I've learned this year that that's the way life goes. You lose, you grieve, you heal and learn to trust again that God does still love you and then it cycles back again with all the losses that life brings. There is a strength and a depth people gain from loss and difficulty, though. A deeper caring and sympathy for others facing their own life's struggles. You learn that you can go on after tragedy...you have to. There's no choice, life does and must go on whether you lose a child, a spouse, a friend or a dream. I am surrounded by amazing, strong people that have lived beyond the loss and still trust that a loving Father in Heaven is holding us in the palm of His hand, even when it doesn't feel that way.

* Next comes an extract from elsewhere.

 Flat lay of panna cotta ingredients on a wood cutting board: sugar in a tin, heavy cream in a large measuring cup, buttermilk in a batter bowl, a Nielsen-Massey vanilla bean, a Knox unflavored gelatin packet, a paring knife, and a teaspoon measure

I've learned to keep doing the right things--to cling to them even if I don't "feel" it because somewhere in me, I know that the storms will pass and I will get back to knowing and trusting and loving and feeling loved again. I learned to love the hymn "How Firm a Foundation". I can't hear it or sing it without getting teary. If you haven't read the words very closely before you should, and read all the verses.

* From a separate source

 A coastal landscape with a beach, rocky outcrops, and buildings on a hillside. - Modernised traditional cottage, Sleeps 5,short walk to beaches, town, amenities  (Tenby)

I learned about hope in a way I never had before. Hope that goes beyond just wishing for something. Real hope that is "expectation based on experience". Hope that keeps you moving forward in the darkness because you trust that eventually there will be light. There was an excellent article in the Ensign magazine about hope which helped me understand it better than I ever have before. I copied this poem from that article and stuck it (where else) on my fridge so I can see it daily.

Walking with Two Sisters
by Larry Hiller

Faith walks before me,
Holding up her lamp
As I try not to stumble in the ink-
dark hours before the dawn.
Her light illuminates
One step and then another.
Beside me, Hope, arm linked
with mine, encourages and
steadies.
Sometimes in the tedium,
Distracted by the pain,
My mind begins to wander, then
my feet. I hesitate.
Unsure, I look to Hope.
Her hand takes mine.
The touch reminds me of another
hand held out to mine.
One pierced and scarred
Yet oh so tender
Lifting me and blessing me when
I had fallen and despaired.
Remembering,
I move ahead
Buoyed up by Hope, who sees
the end with perfect clarity.
Hope, my wonderful husband, a loving Heavenly Father and sheer tenacity have helped me weather the particular storm that has been this past few years, and especially this year--a year with an amazingly difficult church calling, subsequent adoption situations that didn't come to fruition, and all the regular hubbub that comes with raising a family. I could go into great detail on each of these, but suffice it to say, we are making it with all the important things intact. (I loved Elder Uchtdorf's talk yesterday, by the way,--it went right along with this.)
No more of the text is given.